Alex Cavoulacos and Kathryn Minshew Discuss The New Rules of Work

Alex Cavoulacos and Kathryn Minshew/Photo © The Muse

The working world has drastically changed over the years, and continues to transform with each passing day. The constant progression of technology has altered the way every company is run, and has completely redefined the meaning of “work.”

Alex Cavoulacos and Kathryn Minshew are experts when it comes to anything and everything to do with careers. As the cofounders of The Muse, a career-building platform, they have helped over 50 million people with their career search per year, and over 700 companies expand their talent and brand. Alex has spoken on WNYC, at SxSW, and was named one of Inc’s 15 Women to Watch in Tech and Time’s 140 Best Twitter Feeds of 2014. Kathryn has appeared on The Today Show and CNN, and contributes career and entrepreneurship writing to the Wall Street Journal and Harvard Business Review. She was named in Forbes’ 30 Under 30 in Media and Inc’s 15 Women to Watch in Tech. Needless to say, both women have been extremely successful in their own careers.
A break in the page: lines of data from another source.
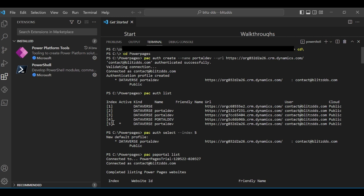You'll also want to check the index number of your target environment. Go to the target environment's Advanced Settings or Admin Center. Copy the URL up to .com. In the Admin Center, go to Environments, click on your target environment, and it will show you the URL and all relevant information.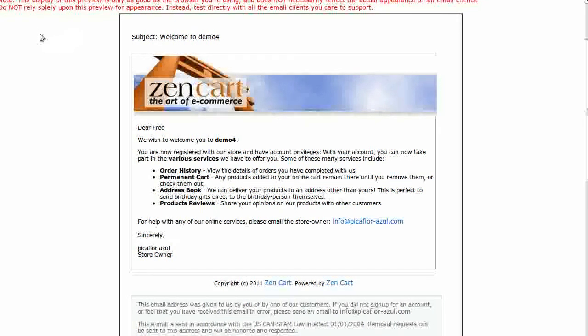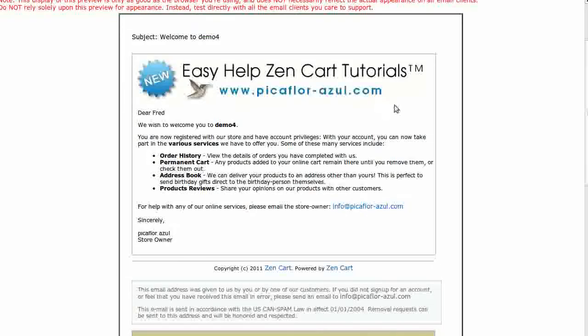Go back to your admin and click on the Refresh button to see the change. Please note that sometimes the change will not show up right away in emails that have already been sent and viewed, due to caching.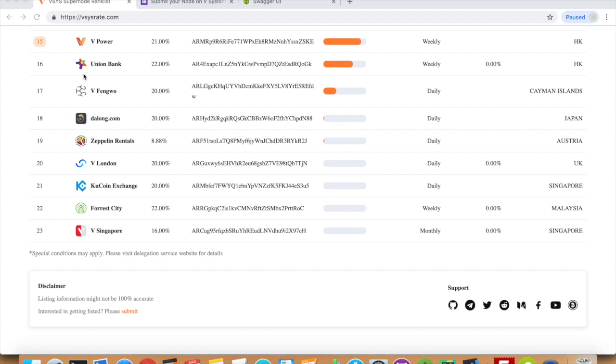Once you have gained enough support in the form of a large number of leased coins to your supernode, your minting average balance will increase. The way minting average balance works is that it takes some time for incoming coins to fully be added to your MAB, but any outgoing coins instantly lowers your MAB.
I had the opportunity to interview Alex and Kathryn shortly after their book hit shelves, and asked them all about how to get ahead in the professional world today. Read on for their thoughts on how to become satisfied in a career and how to make the most of every opportunity, all by following the guide in their book, The New Rules of Work.
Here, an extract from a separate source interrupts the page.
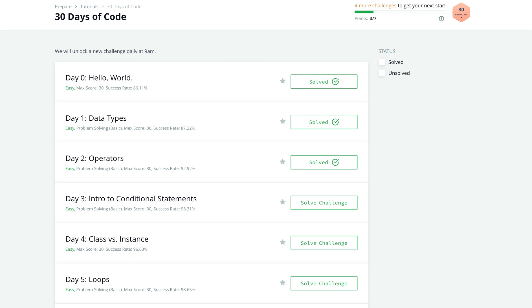Welcome back to Python Day 3 in our HackerRank 30 Days of Code Challenge. Today, we'll be going over Intro to Conditional Statements.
SIGNATURE: Can you sum up the “New Rules of Work” that people should follow, and elaborate on why they’re necessary in today’s world?

ALEX CAVOULACOS and KATHRYN MINSHEW: In the last decade or so, nearly everything we know about work has changed—so everything from how you apply to a job to how you move up at your company to how you think about long-term career planning has changed, too. For example, people used to have 5-10 year plans—now, technology could change so much about the way we work and the jobs that are available, that for most of us it’s better to focus on 2-5 years into the future instead.
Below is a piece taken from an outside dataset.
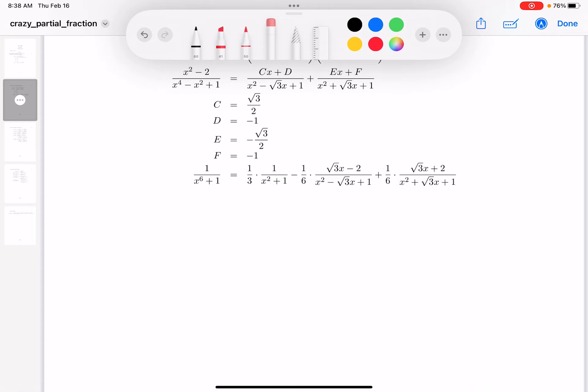When you were given an irreducible quadratic in calculus, you were told to factor it and try to get it into the form of something squared plus a number. So I'm going to take this one here and I want to complete the square on it.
Technology has also meant that we work more than ever and that we live our lives increasingly out in the open. Those two trends point to our #1 most important rule, which is the first step in The New Rules of Work: Discovering your personal career values and planning your career decisions by understanding what’s meaningful and important to you.

SIG: You cofounded the New York-based career-building site The Muse. When and why did you launch it? Can you tell us more about who should be using this site, and what it’s all about?

AC & KM: We launched The Muse in 2011 as a platform to help people find, land, and succeed at their dream jobs. From personal experience, we realized that the job search was broken and that there was a huge opportunity to transform the way people took charge of their careers and found companies that would align with their values, goals, and work style.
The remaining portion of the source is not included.